WORK TO BE COMPLETED: Although the records contain pictures, repeat only the text of every line exactly.
** ENTRIES PROVIDED follows **
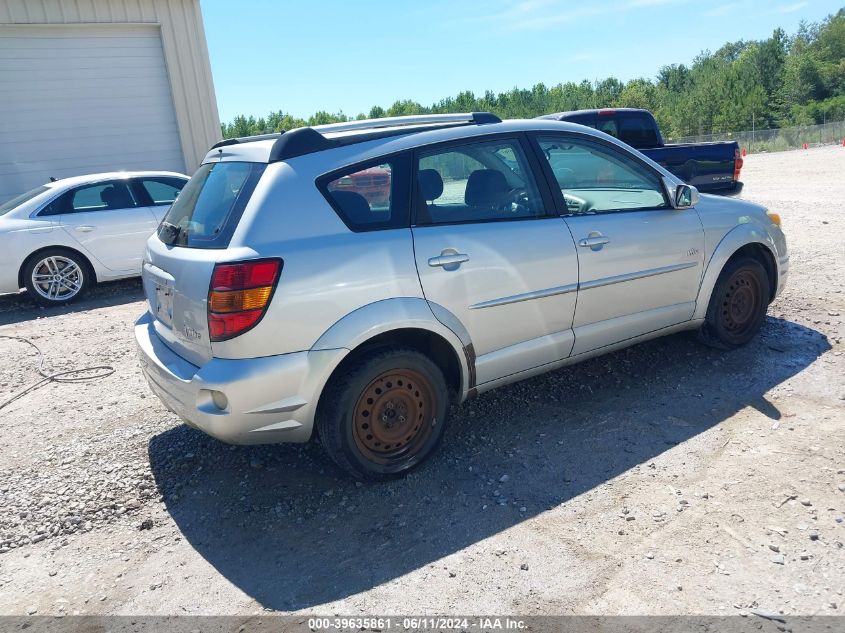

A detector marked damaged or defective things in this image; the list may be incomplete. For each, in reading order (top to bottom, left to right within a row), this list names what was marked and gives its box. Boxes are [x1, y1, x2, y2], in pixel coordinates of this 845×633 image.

rusty steel wheel [696, 256, 768, 350]
rusty steel wheel [720, 266, 760, 336]
rusty steel wheel [314, 346, 448, 478]
rusty steel wheel [352, 366, 438, 464]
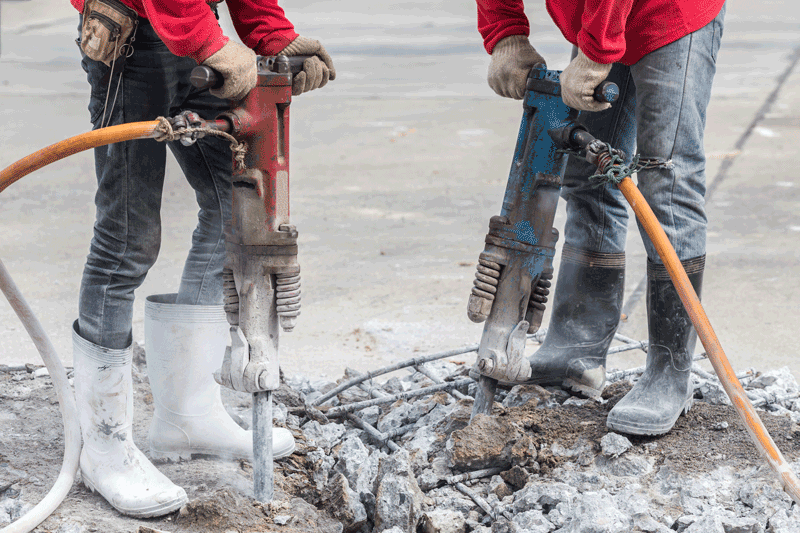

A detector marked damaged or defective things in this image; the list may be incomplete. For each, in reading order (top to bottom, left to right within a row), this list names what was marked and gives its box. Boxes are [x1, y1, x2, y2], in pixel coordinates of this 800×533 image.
** End of ENTRIES PROVIDED **
TASK OUTPUT:
A detector marked damaged or defective things in this image; the list may be incomplete. For each, in reading order (top to bottom, left to right within a row), this list names what was marked and gives its box. Boxes are [x1, y1, x2, y2], in pixel coordinates of this 845×633 image.

rusty steel wheel [696, 256, 768, 350]
rusty steel wheel [720, 266, 760, 336]
rusty steel wheel [314, 346, 448, 478]
rusty steel wheel [352, 366, 438, 464]

A detector marked damaged or defective things in this image; the list may be incomplete. For each, in reading order (top to bottom, left to right within a row), this list names what was marked and gives its box. Boxes are [x1, y1, x2, y2], in pixel coordinates of this 800×533 image.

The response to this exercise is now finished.